Liturgia:
La 1ª lectura -1Jn.2,12-17- es una
exhortación concreta en la que Juan aconseja a mayores y menores, a padres e
hijos, y a jóvenes y fieles discípulos en general, a los que nombra como “hijos
míos”. Les escribe a todos como orientación personal. A sus discípulos, porque se le perdonan los pecados por el
nombre de Cristo; a los jóvenes, porque han vencido al maligno y porque son
fuertes y la Palabra de Dios permanece en vosotros; a los padres porque conocen
al que vive desde el principio. Bella descripción que ya quisiéramos poder
aplicar a nuestro mundo actual: a los mayores y a los jóvenes, a los padres y a
los hijos. Porque ¿realmente se puede decir que han vencido al maligno…, que
son fuertes para resistir los envites de un mundo que se mete a los cuatro
vientos?
La palabra con la que previene, es más aplicable a la
realidad: advertir que no améis al mundo
ni lo que hay en el mundo. Y lo que hay en el mundo lo describe después: las pasiones del hombre terreno, la codicia
de los ojos y la arrogancia del dinero. Lo que traducido a conceptos
inteligibles para nosotros, indican esas pasiones con las que el mundo –el
hombre terreno- se ha emborrizado en la suciedad del sexo, de la droga, de la
pornografía… La codicia de los ojos, que es el dinero, la avaricia, la riqueza
que corrompe, que avasalla, que da pábulo a las otras “pasiones del hombre
terreno”, y “la arrogancia” que da el dinero y que se traduce por soberbia, por
engreimiento, corrupción, abuso de poder.

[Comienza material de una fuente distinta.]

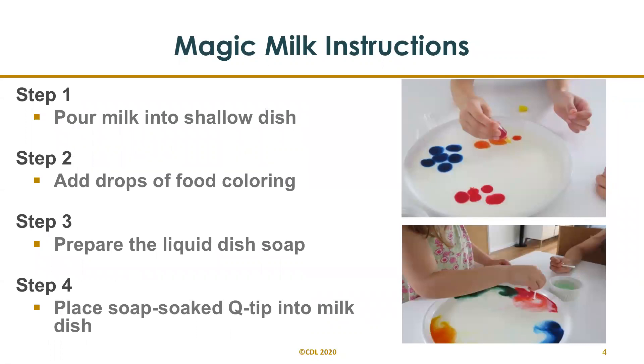Magic milk instructions: start by pouring your milk into a baking dish or another flat bottom surface. You will then add approximately five to six drops of food coloring — you can use a variety of colors. Prepare the liquid dish soap in a small bowl, adding a small amount of water, and mix with the end of the q-tip. Place the soap-soaked q-tip into the center of the milk dish. This photo was taken just after we placed the soap-soaked q-tip into the center of the milk — it demonstrates how the colored food coloring disperses outwards to the side of the plate.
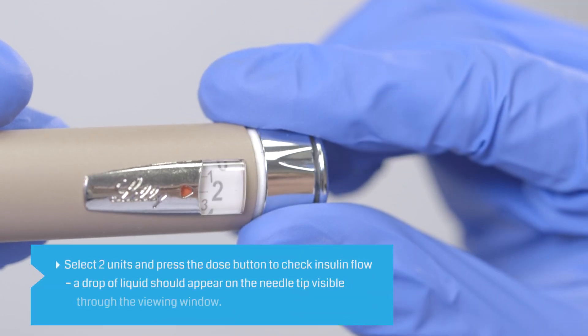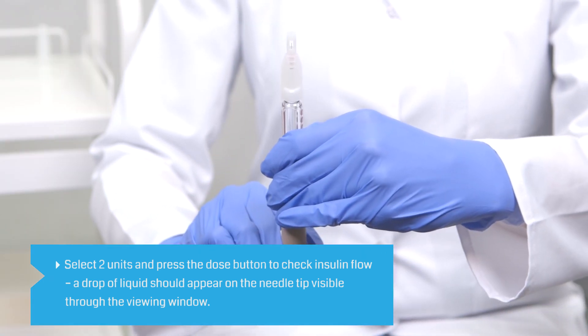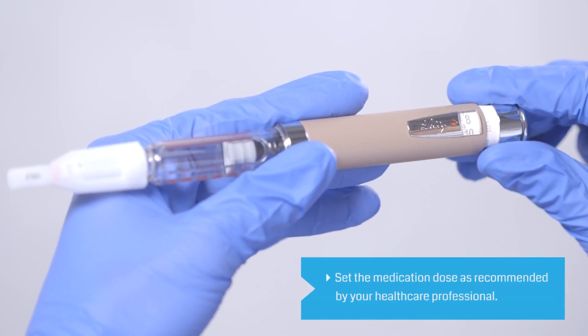To check insulin flow, select two units and press the dose button until you see a drop of liquid on the needle tip, visible through the viewing window. Use a new safety pin needle if the flow test was not successful.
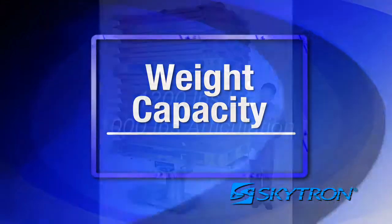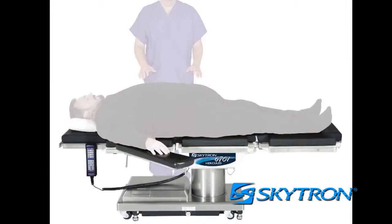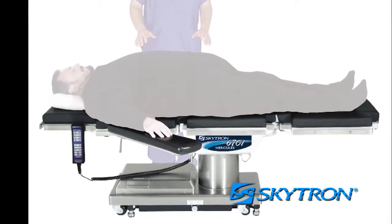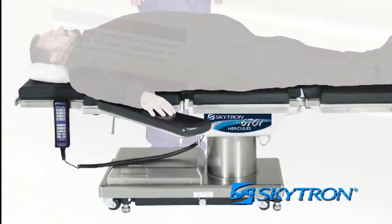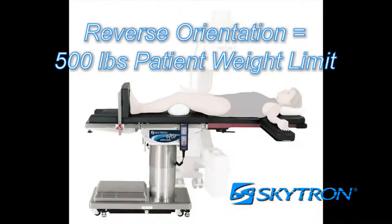The maximum lifting capacity of the 6700 series table is 1200 pounds and the maximum articulation capacity is 1000 pounds. Patient weight capacity assumes the patient is in a supine or prone position with weight evenly distributed across the tabletop and brakes locked at all times. If the patient is set up in reverse orientation — with their head on the leg section and feet on the head section — the table's maximum weight capacity is reduced to 500 pounds.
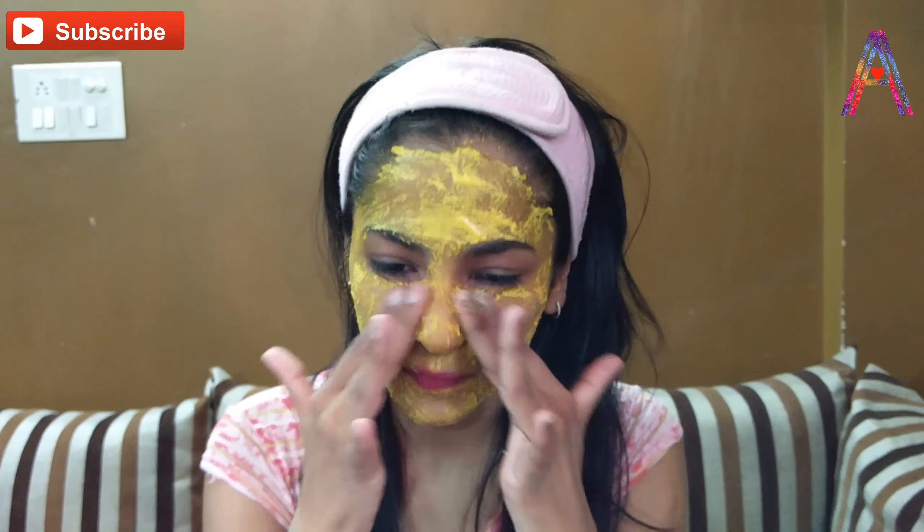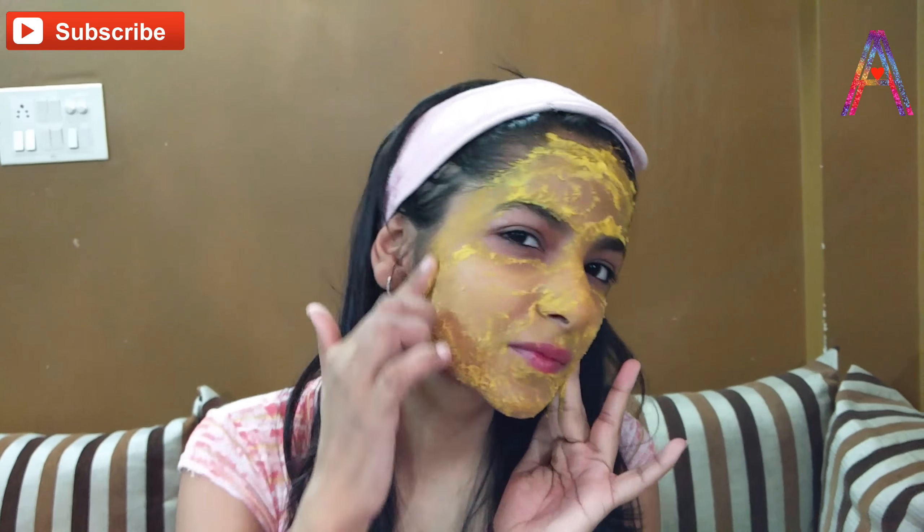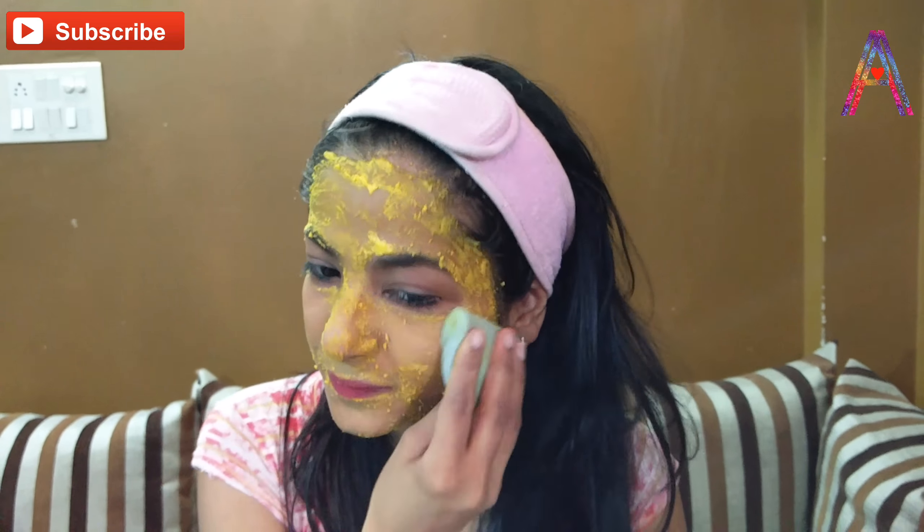Start scrubbing with the paste on your skin — your dead skin and facial hairs will start removing. Scrub it over every inch of your skin and then rinse it off.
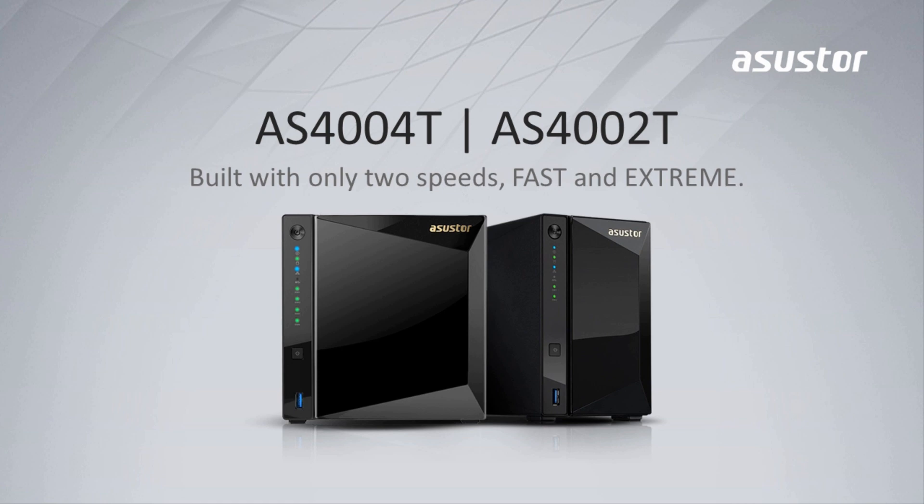Hello to all of our Asustor fans. Today I'm going to introduce to you Asustor's two newest NAS models, the 2-bay AS4002T and the 4-bay AS4004T. These were featured and launched at the 2018 Computex show. Let's take a look.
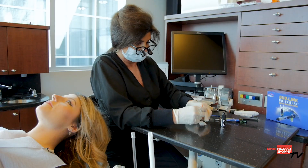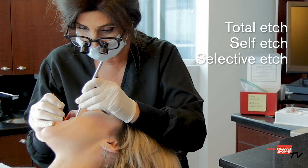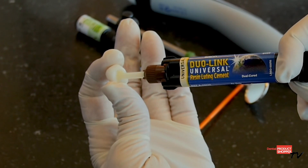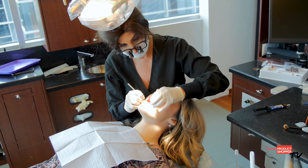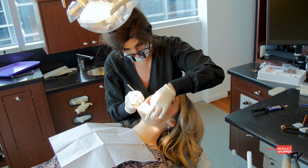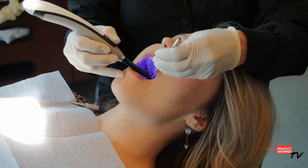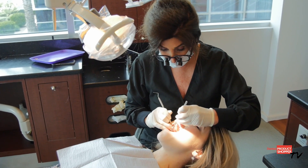Whether your bonding procedures require total etch, self etch, or selective etch, Dual Link Universal is recommended for less retentive preps. When the taper is more than eight degrees and the prep height is shorter — around four millimeters — you start to think you need to bond the restoration in. Using Dual Link Universal will guarantee quick and easy removal of excess cement.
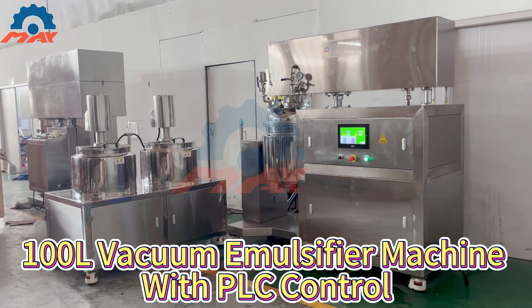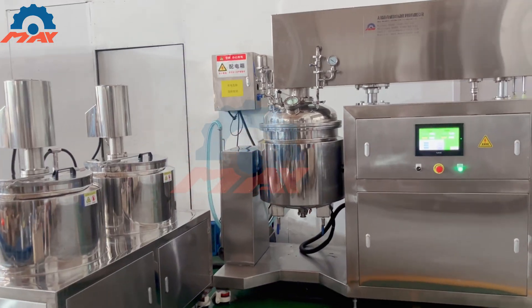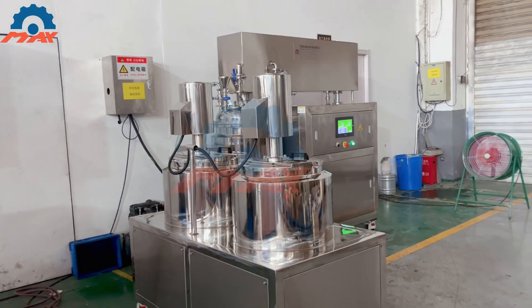This machine is our Model ZJR 100 PLC Vacuum Emulsifier. Working capacity is 100L. Contact parts are made of SS316L and mirror polished.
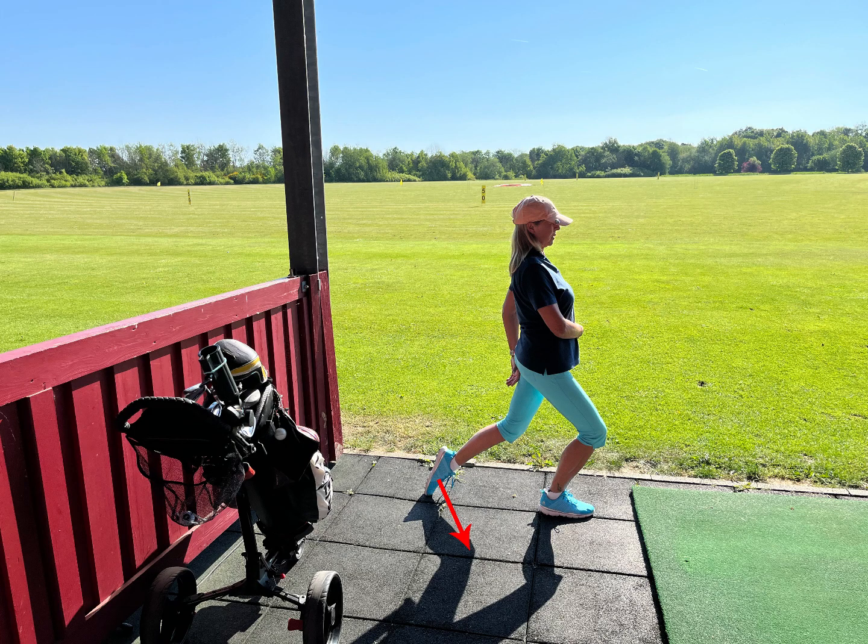When you arrive at the driving range, you can put your foot backwards and push down to open your front and get power.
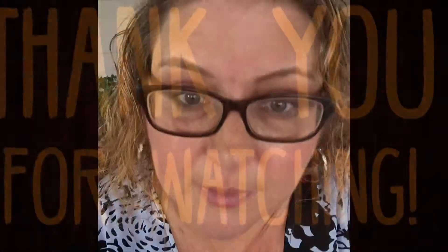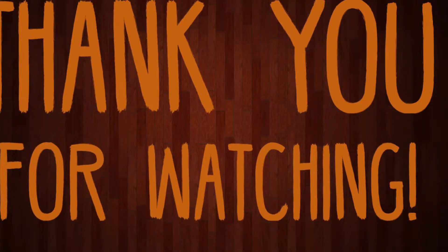Let me know in the comments your favorite Mexican recipe. I hope you guys have a great day — remember, not every day is good, but there's always something good in every day. I will see you next time!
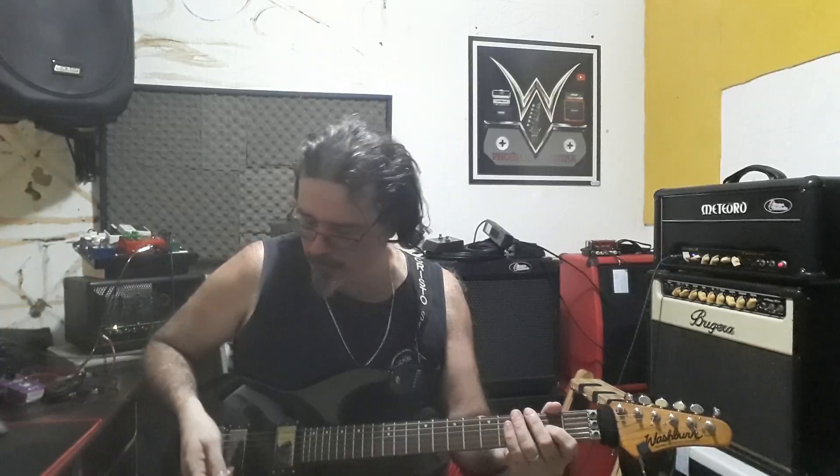Porém, aumentando aqui o ganho, a gente chega nesse timbre de válvula aí. E o restante controlei no volume da guitarra. Então tá aqui ó, drivezinho gostoso, tirou um pouquinho o volume.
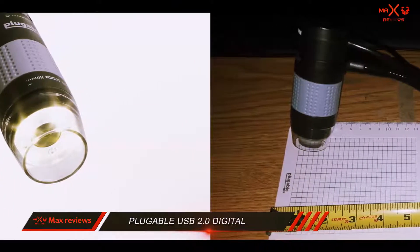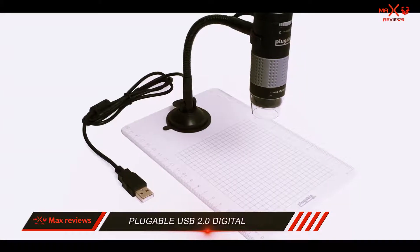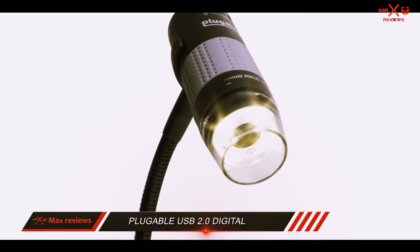Moreover, there are two ways to take a picture with the Plugable USB 2.0 Digital Microscope. Firstly, you can press the Take a Photo button on the computer software.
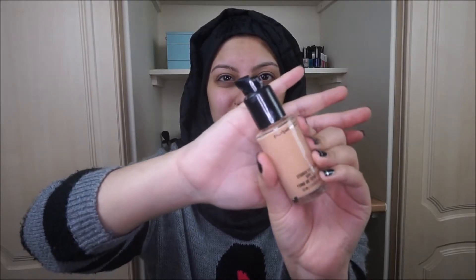Because I wasn't going to be applying any eyeshadow today, I actually applied the primer on my eyelids as well, because I will be applying concealer afterwards.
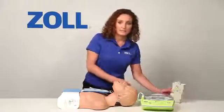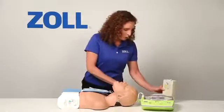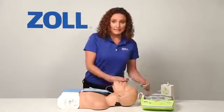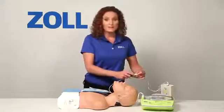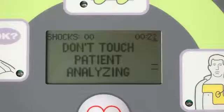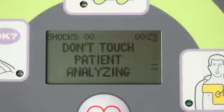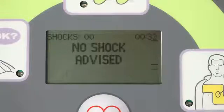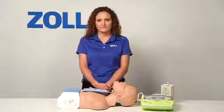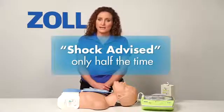I will set the simulator to present asystole, an unshockable rhythm. When I plug it in, the AED Plus recognizes the presence of a heart rhythm and begins analyzing it. Don't touch patient. Analyzing. Don't touch patient. Analyzing. No shock advised. Start CPR.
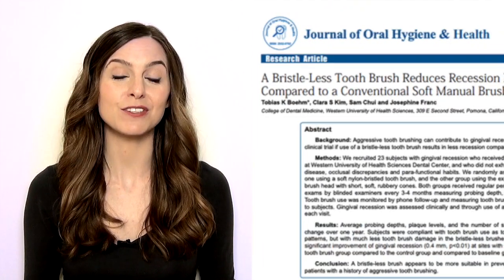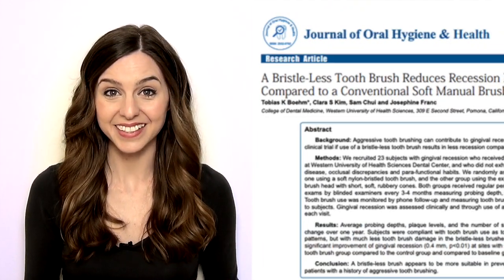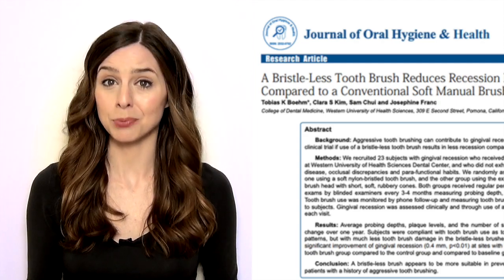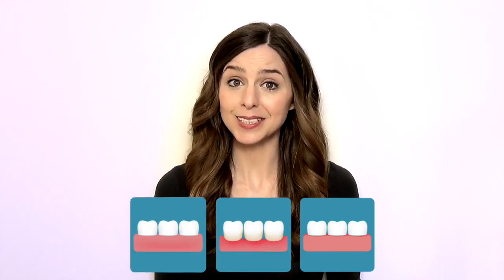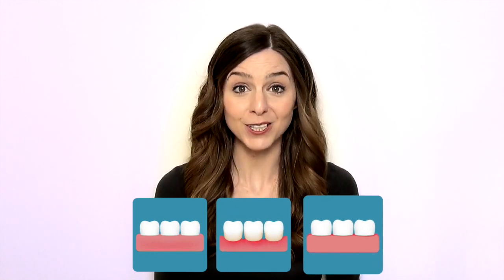Recent research by the Western University of Health Sciences in California is suggesting that by using a bristle-less toothbrush, gum recession can be prevented, halted, and in some cases, partially reversed.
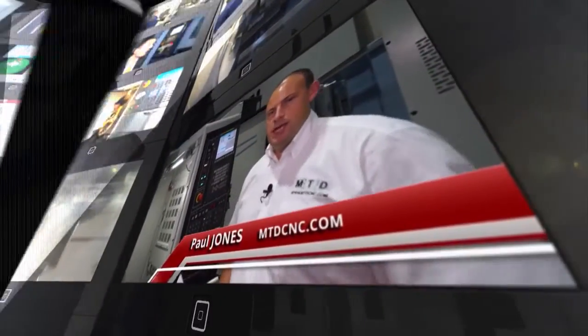MTDCNC bringing you the latest engineering news, reviews, events and special offers via video media.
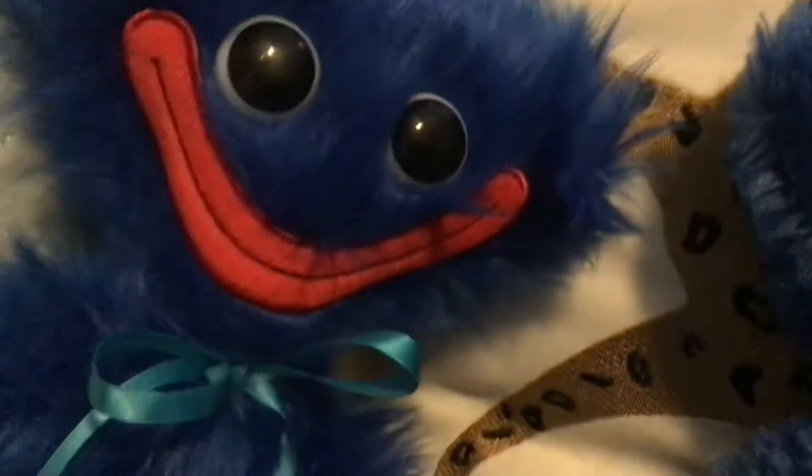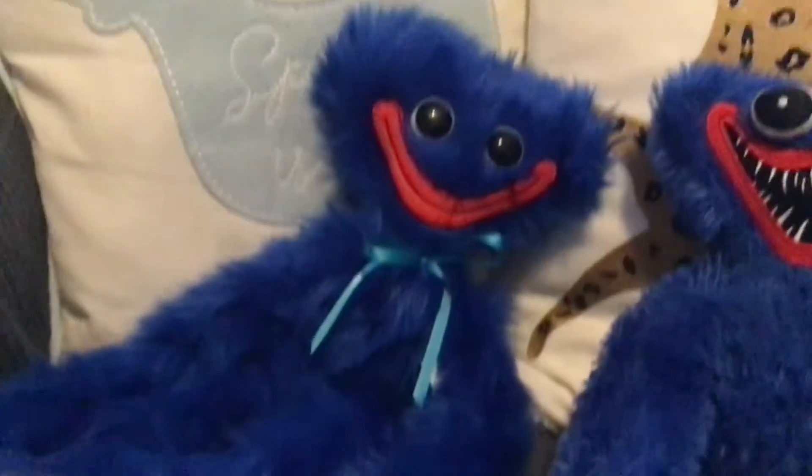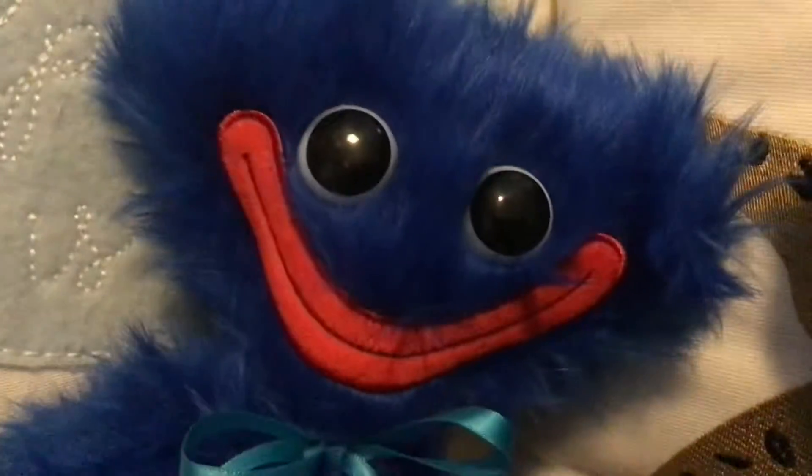I like the smiles way better and I just love the fur on this thing. It's getting pretty old but I still like them. All right, that's all for this video — I'll see you next time.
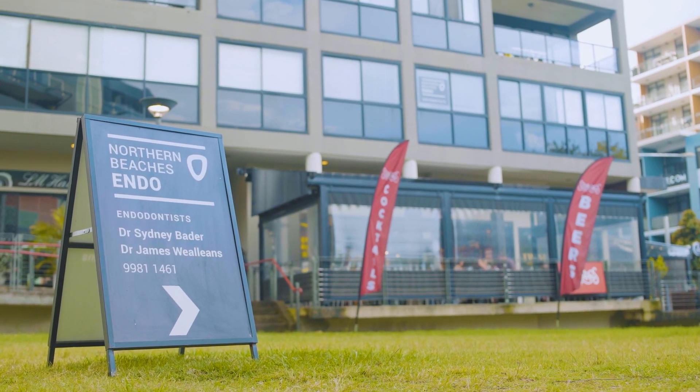G'day, I'm James. I'm an endodontist. I work on Sydney's Northern Beaches — our office is in Dee Why — and on Sydney's Central Coast up in Gosford, where I focus purely on root canal treatments.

Concluye San Juan diciendo que todo ese “mundo” hostil al
evangelio, pasa. Eso domina ahora pero se esfuma, no deja nada, cambia como la
arena de las dunas, mientras que el que
hace la voluntad de Dios, permanece para siempre.
Es evidente que esto se entiende desde la fe, desde el
pensamiento espiritual, desde la concepción sobrenatural de la vida. Y no se
entiende en absoluto desde la concepción mundana, que está vacía para poder
entender los valores espirituales. Ya nos dice San Pablo que el mundo nos
considera unos desgraciados (“crucificados”) porque no tiene más altura y no
saca la mirada por encima de su propia ceguera. Por el contrario, nosotros
vemos que el mundo es el que es un desgraciado, privado de esa visión de tejas
arriba en la que los hombres espirituales podemos encontrar el gozo más
profundo y duradero. Porque al final, gozamos en este mundo con nuestra fe y
esperanza, y luego encontraremos la paz infinita y la posesión del cielo.
Le preguntaron una vez a un compañero misionero en América,
qué podría experimentar si luego, tras la muerte, no hubiera nada. Y el
misionero respondió: que si no hubiera nada, no se iba a enterar. Pero mientras
tanto había gozado aquí en la espera de ese mundo mejor.
Podemos concluir, pues, con las mismas palabras de esa 1ª
lectura: El mundo pasa con sus pasiones, pero el que hace la voluntad de Dios
permanece para siempre.
En el evangelio –Lc.2,36-40- se completa la experiencia del
día de la presentación del Niño en el templo. Simeón fue el varón que descubrió
en Jesús al Mesías deseado. Pero San Lucas procura sacar a una mujer donde ha
intervenido también un hombre. Y nos habla de aquella viuda, de vida meritoria,
mujer que estuvo siete años casada, muy joven, pero que al morir el marido ella
se dedica al culto del templo, día y noche, con ayunos y oraciones. Y a la par
que Simeón tomaba al Niño y profetizaba y daba gracias a Dios, Ana (que así se
llamaba la hija de Fanuel), daba gracias
a Dios y hablaba del niño a todos los que aguardaban la liberación de Israel.
Hay después un punto final en el evangelio de Lucas, que no
debe pasarse por alto a la hora de entender mejor otros determinados relatos.
Nos dice Lucas que cuando cumplieron todo
lo prescribía la Ley de Moisés, se
volvieron a Galilea, a su ciudad de Nazaret.
Y allí, asentados en Nazaret a partir de los 40 días del
nacimiento, el niño iba creciendo y
robusteciéndose y se llenaba de sabiduría (conocimientos que van dándose
poco a poco en aquel niño, como podría ser en cualquier niño), y la gracia de Dios le acompañaba.
Volverá a repetir lo mismo más adelante para expresar que Jesús era un niño
normal que fue creciendo al paso de su edad y de la educación familiar, con
unos padres tan excelentes y cumplidores de la voluntad de Dios.